Of note- you gotta pay cash for your High Lifes. No credit cards. And it seems that you always forget this fact until it comes time to pay. Chase bank is not too far, but it’s dark as hell over there. No drive-thru, junior, so remember your cash.

Where next?


Green Dot Stables. Get a High Life in a leather bucket seat. Watch horse racing and get a cheap steak. Or come Friday night for karaoke. It’s the full-on smash. Especially if you’ve just blown in from D’Mongo’s. Then the mic awaits you. Christina will learn your face and drink preference quickly, so once you come in a couple times you get a High Life delivered to you with a kiss in the middle of the crowded bar. And don’t worry, you can carry your High Life with you like a p.f.d to the mic and sing away. This is new. It used to be a crazy lady there with her husband who ran O.C.D. karaoke. No drinks at the mic. No walking beyond the monitors with the mic. Wait till she sings her sappy songs before you get to sing. Get scowled at constantly before, during and after you sing just for being there. But now it’s a dude with LaserDiscs and the hairstyle to match and an understanding of how to draw the best performances out of local singers. He wouldn’t quit at 2. It wouldn’t make sense.


Go back and get a High Life during the day there with cops and secretaries or get into a game of gin with the five or six regulars who play during the week. I haven’t tried yet, but that doesn’t mean I won’t.


The Bronx bar is a great place for a High Life, but it’s a better place for a Blatz. Who’s got Blatz?!


The Rathskeller, aka the Dakota Inn, is also a great place for a High Life, but they’ve got Blatz ON TAP! That’s a no-brainer. Go drink glasses of Blatz and belt it out in the German sing-along. You’ll forget where you are entirely.

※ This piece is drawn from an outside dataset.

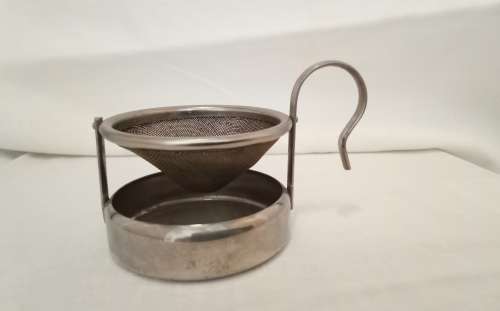 Vintage Swivel tea strainer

The American Legion off Michigan Ave has a terrific selection of High Life. You can sit in the small bar with the lousy video poker games and really focus in on the beauty of your beer: the perfectly clear glass bottle*, the light amber juice, the fresh-looking white bubbles, the smooth compound curve of it’s neck and that pretty southern belle perched up on the crescent moon, toasting her High Life to you. Is she winking-? Then someone might call you away from your fancy and take you down the hallway to show you the tiny theater. A huge American flag behind the stage and a painting of a lake and some dramatic mountains on the wall. I think some animals too. Small stage and maybe eight fold-up tables ready for the big show. You can start off on your next dream of which act you would put on for your hit talent show. Karate? Break dance? Hand stands? I was told that if you rent it out, you can bring in your own team of High Life's to party with. Cheap deal! Just don’t tell the owner.


Whiskey In A Jar could also be easily called High Life In A Bottle. I think I saw the Dude from Big Lebowski there last time. Long blonde hair, wearing the equivalent of an old bathrobe. Whiskey’s High Life's are just plain, ordinary High Life's. They come in a brown box of 24.


Abick’s High Life's are special because there is a cat that roams around and watches you drink them. She hides under the pool table or climbs up onto the beautiful woodwork and gazes at you, pure envy at your clear bottle of golden potion. Abick’s has a wonderful Small High Life that always comes in handy. It’s 7 oz of High Life and when you order it they shoot you a look of confusion. It’s for old folks, they say. I say young folks are the new old folks. And if you don’t believe it, then I say 7 ouncers are the new roadies. And you can’t argue that.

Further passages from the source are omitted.